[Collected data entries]
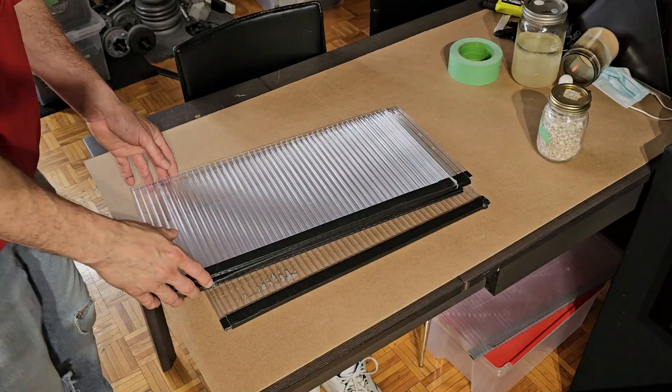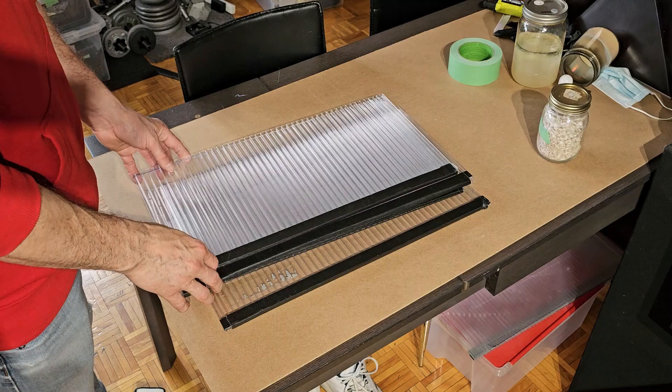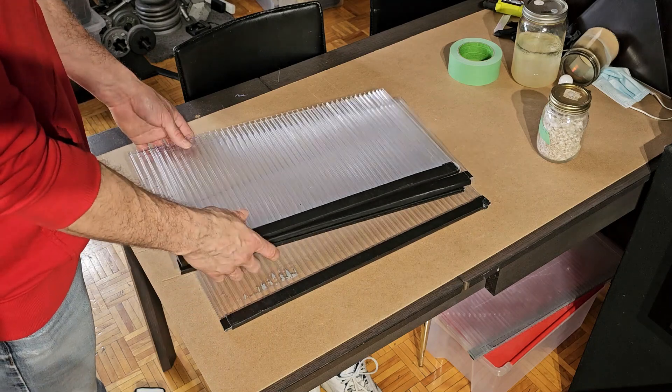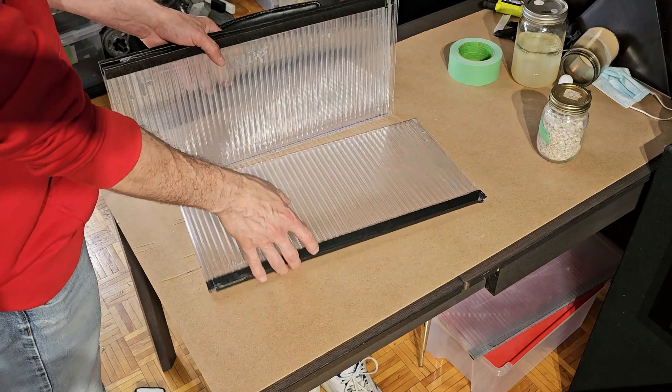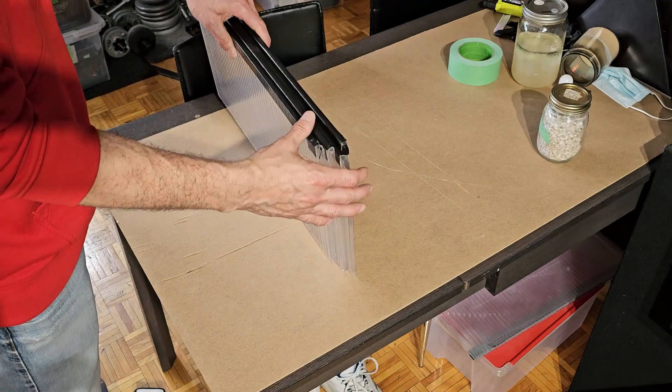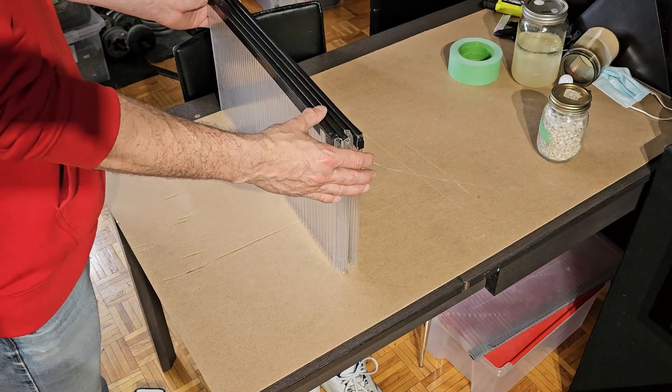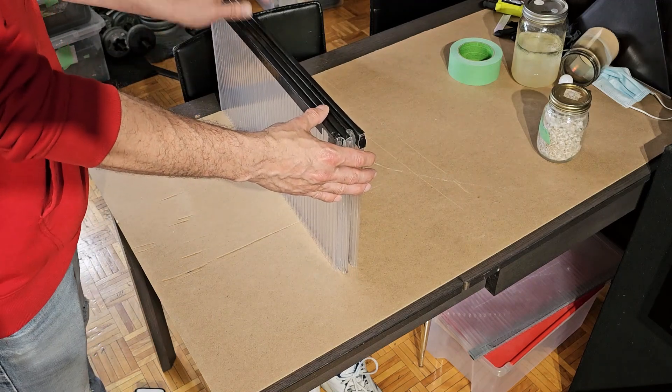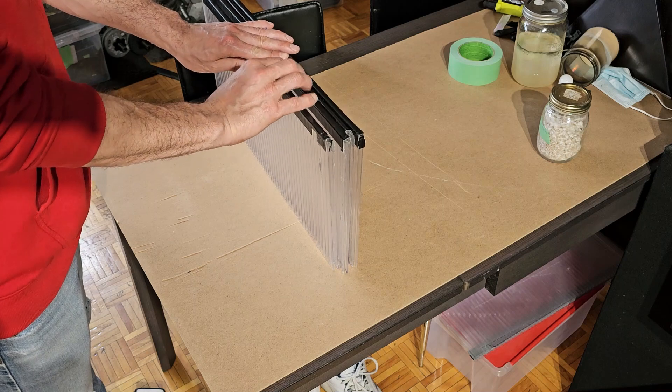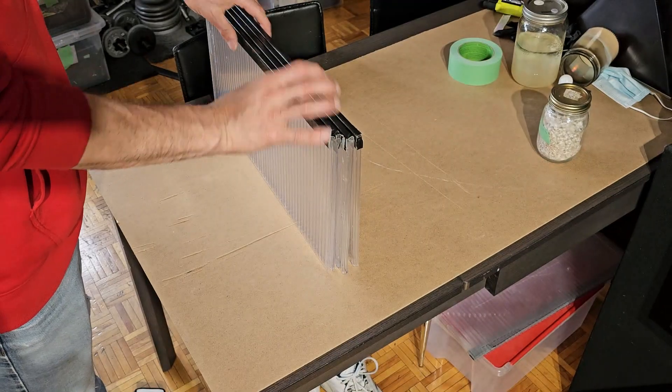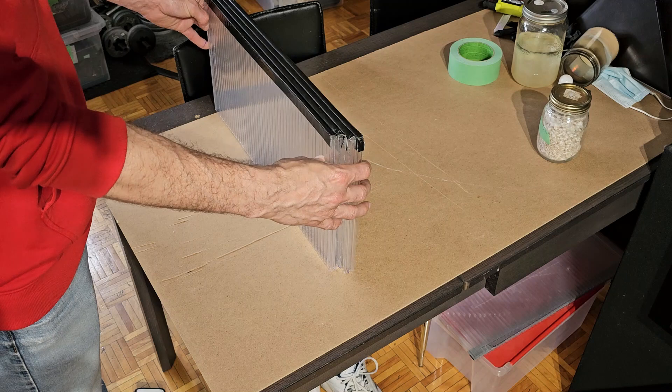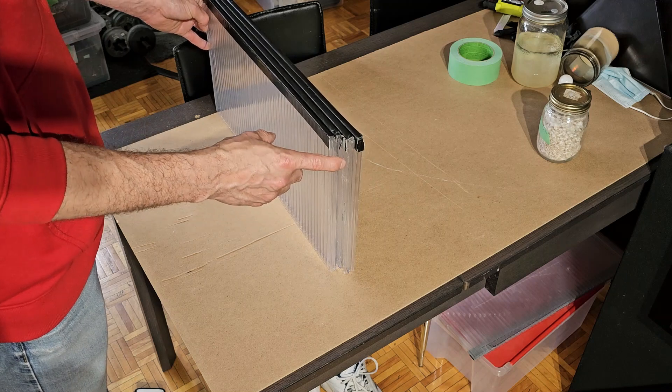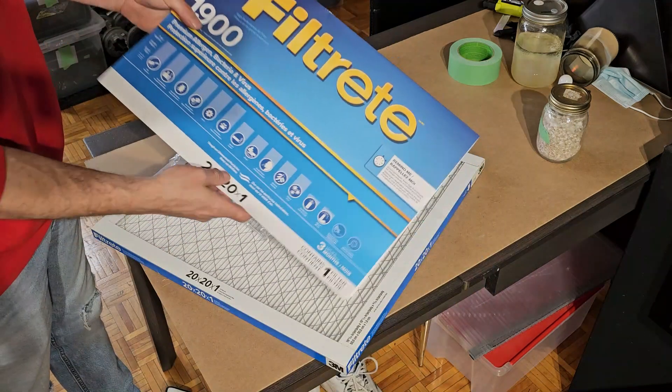All right, so we've got all our pieces cut to our new depth, which is 10 inches. Now two of these are longer than the other ones. The filter is 19 and three quarters. So the two shorter ones are 19 and three quarters. And the two longer ones are half an inch longer at 21 and a quarter.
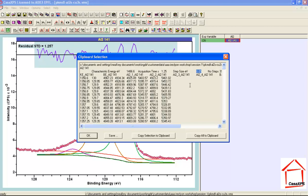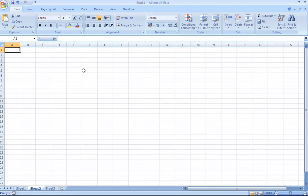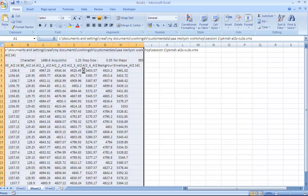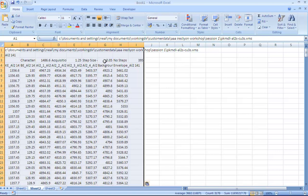So this will provide a set of interpolated data and the synthetic components, the envelope and the backgrounds, all with this resolution. If we take this through the clipboard and enter it into Excel for example, then we get the columns of data listed at a step size of 0.05 eV. So the data itself and the components have all been interpolated to this new step size which is different from the original data size.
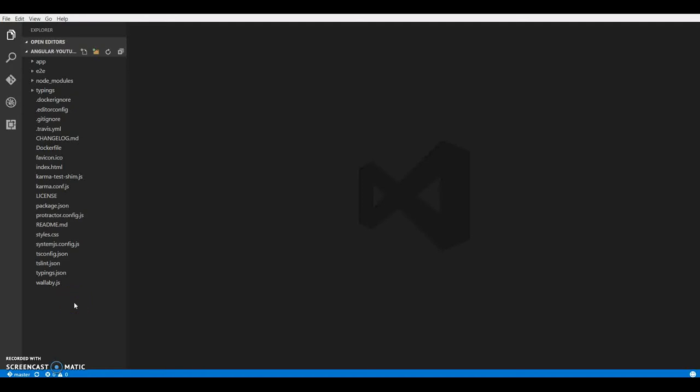Hey guys, this is Rahul from sci-federic.com back with another video in our series for Angular 2. Just to let you know guys, we are building an application with Angular 2. And in this video tutorial we will learn working with components and modules.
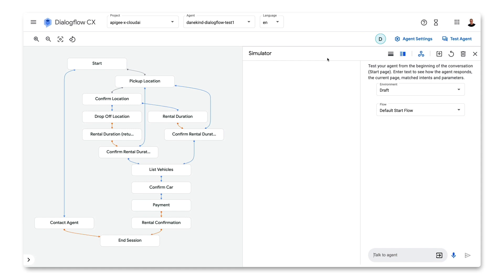I built a simple flow in Dialogflow CX that allows someone to rent a car. The user is asked when and where they want to pick up the car, they pick a specific car, confirm some details, and their rental reservation is booked. Let's run it in the simulator and see how it works.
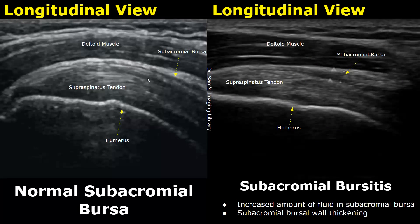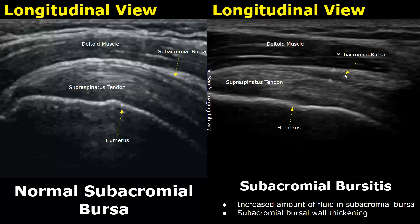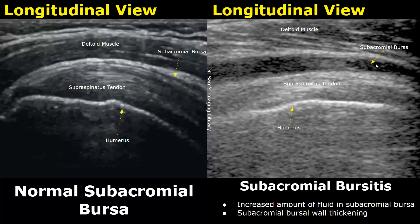A normal subacromial bursa appears as a thin hyperechoic line between the deltoid muscle and the supraspinatus tendon. Here we have subacromial bursitis — there is an increased amount of fluid in the bursa and increased bursal wall thickening. Here is another image of subacromial bursitis showing a very large amount of fluid within the bursa.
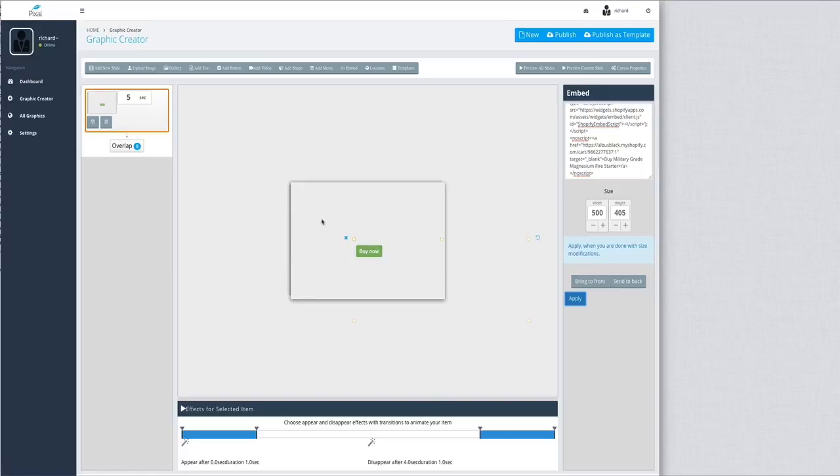So you can have a product showcase here, and you can have the Buy button for Shopify directly on your banner. Okay, thank you, and I'll see you on the next tutorial.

- DESCRIPTION OF THE TASK:
Pictures stay out of this copy. Retype exactly the lines from the one with "So this will" through the last line of the data, both ends included, and nothing more.

- ANSWER:
So this will provide a set of interpolated data and the synthetic components, the envelope and the backgrounds, all with this resolution. If we take this through the clipboard and enter it into Excel for example, then we get the columns of data listed at a step size of 0.05 eV. So the data itself and the components have all been interpolated to this new step size which is different from the original data size.
Hey guys, this is Rahul from sci-federic.com back with another video in our series for Angular 2. Just to let you know guys, we are building an application with Angular 2. And in this video tutorial we will learn working with components and modules.
I built a simple flow in Dialogflow CX that allows someone to rent a car. The user is asked when and where they want to pick up the car, they pick a specific car, confirm some details, and their rental reservation is booked. Let's run it in the simulator and see how it works.
A normal subacromial bursa appears as a thin hyperechoic line between the deltoid muscle and the supraspinatus tendon. Here we have subacromial bursitis — there is an increased amount of fluid in the bursa and increased bursal wall thickening. Here is another image of subacromial bursitis showing a very large amount of fluid within the bursa.
So you can have a product showcase here, and you can have the Buy button for Shopify directly on your banner. Okay, thank you, and I'll see you on the next tutorial.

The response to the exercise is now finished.